Dataset extract:
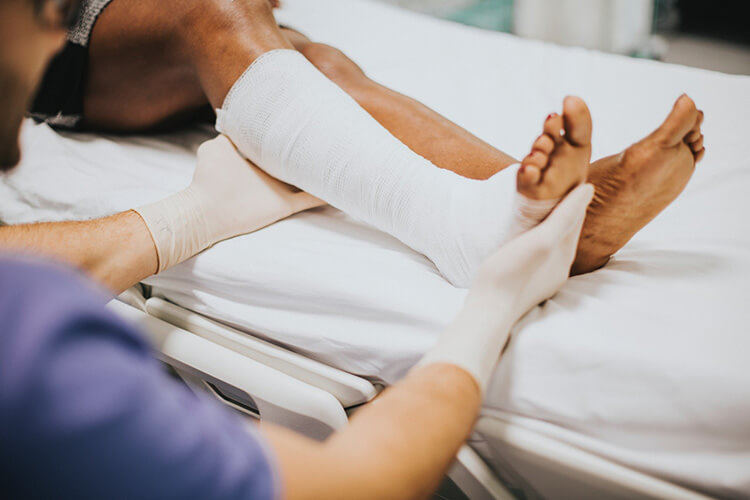 Person recovering from an injury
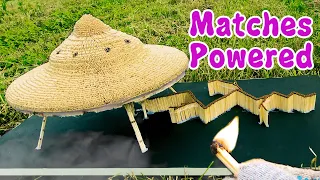 GIANT UFO Flying Saucer from MATCHES - Match Chain Reaction Amazing Fire Domino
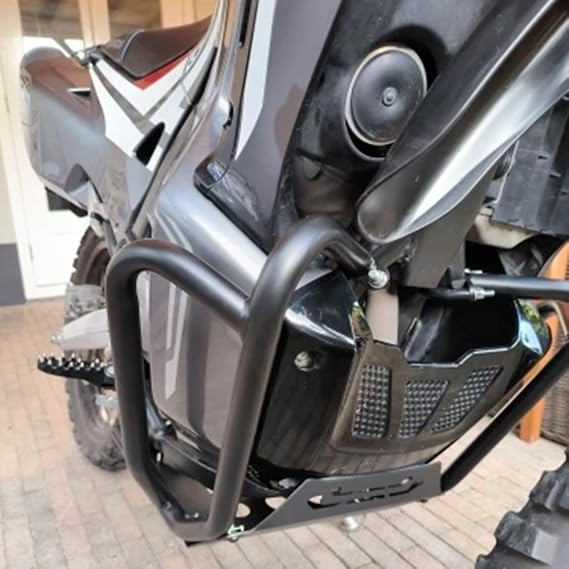 Motorcycle Upper Lower Engine Guard Crash Bar Falling Bumper Protector Skid Plate Chassis Guard Compatible with CRF250 Rally 2017 2018 2019 2020 (Lower Bar+Skid Plate)
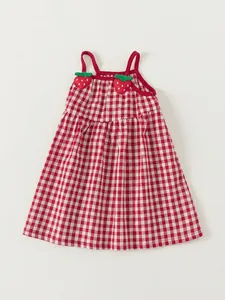 Girls strawberry red gingham A-line sundress with cute 3D strawberry embroidery appliques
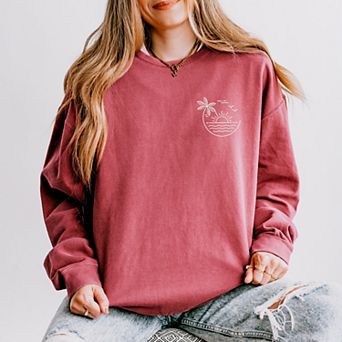Embroidered Beach Sunset Lightweight Garment Dyed Sweatshirt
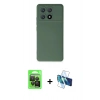 MARSİLYAN™- Poco X6 Pro Kılıf Ahenk Serisi - Siyah 3D Antistatik Seramik Nano Ekran Koruyucu + Raze Metal Kamera Lens - SH
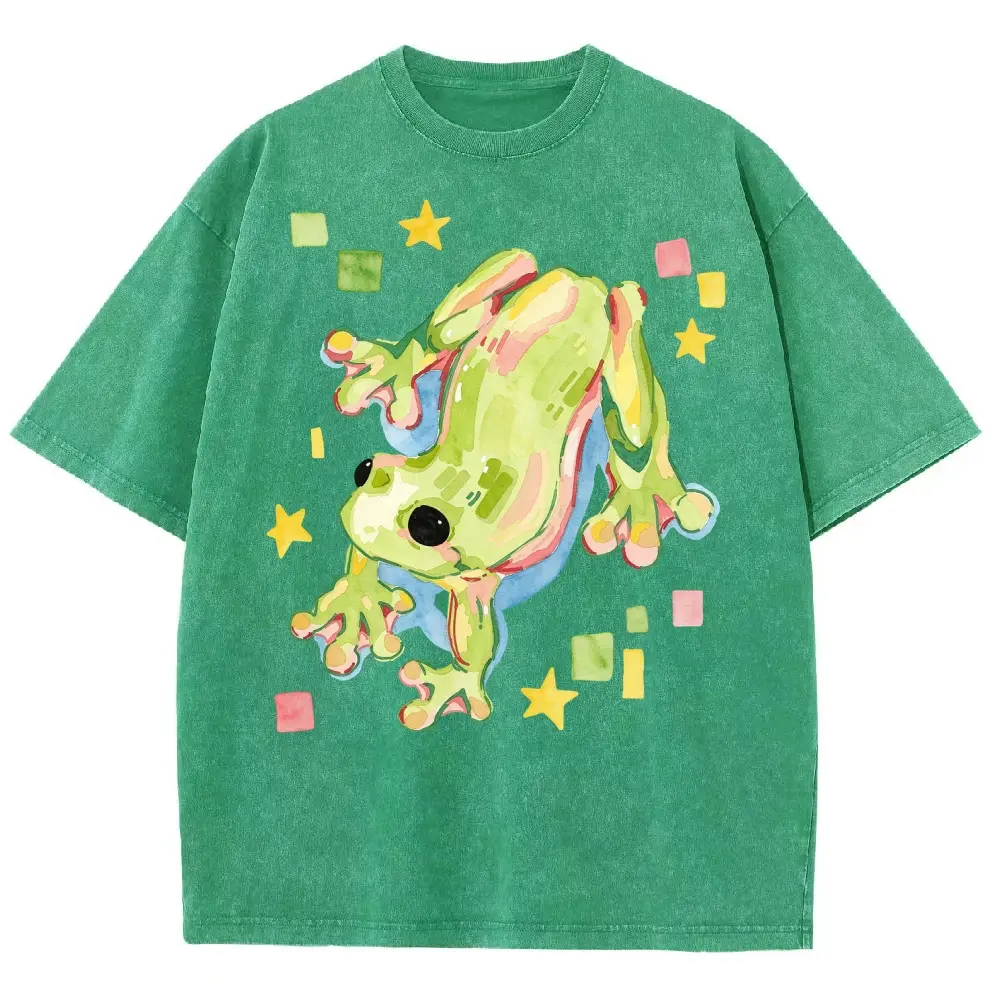Watercolor Frog Star Block Vintage Washed Tee Vintage Washed Tee 90s Men's Graphic Tee t Shirts Funny Graphic Tee Good Graphic Tees Graphic Tees Streetwear Outfits Men Vacation Outfits Oversized Tshirt Men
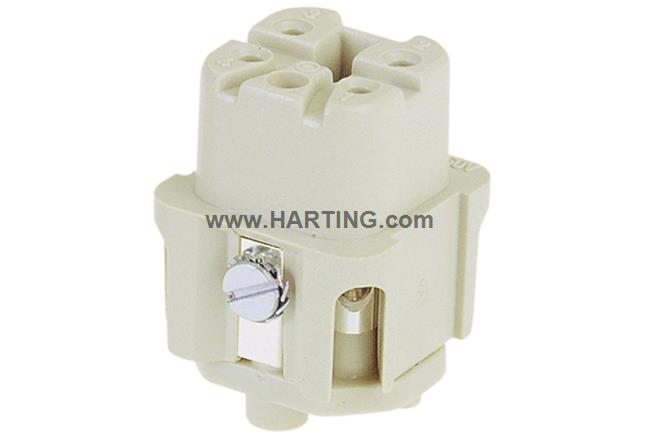 Đầu nối điện công nghiệp, Han A ,4 chân + PE, Jack cắm cái,4 chân + PE,Han 4A,Series vỏ 3 A.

Task prompt:
The material above holds pictures; leave them out. Repeat exactly the lines from the one containing "Embroidered Beach Sunset" through the one containing "Watercolor Frog Star", and nothing else.

Output of the exercise:
Embroidered Beach Sunset Lightweight Garment Dyed Sweatshirt
 MARSİLYAN™- Poco X6 Pro Kılıf Ahenk Serisi - Siyah 3D Antistatik Seramik Nano Ekran Koruyucu + Raze Metal Kamera Lens - SH
Watercolor Frog Star Block Vintage Washed Tee Vintage Washed Tee 90s Men's Graphic Tee t Shirts Funny Graphic Tee Good Graphic Tees Graphic Tees Streetwear Outfits Men Vacation Outfits Oversized Tshirt Men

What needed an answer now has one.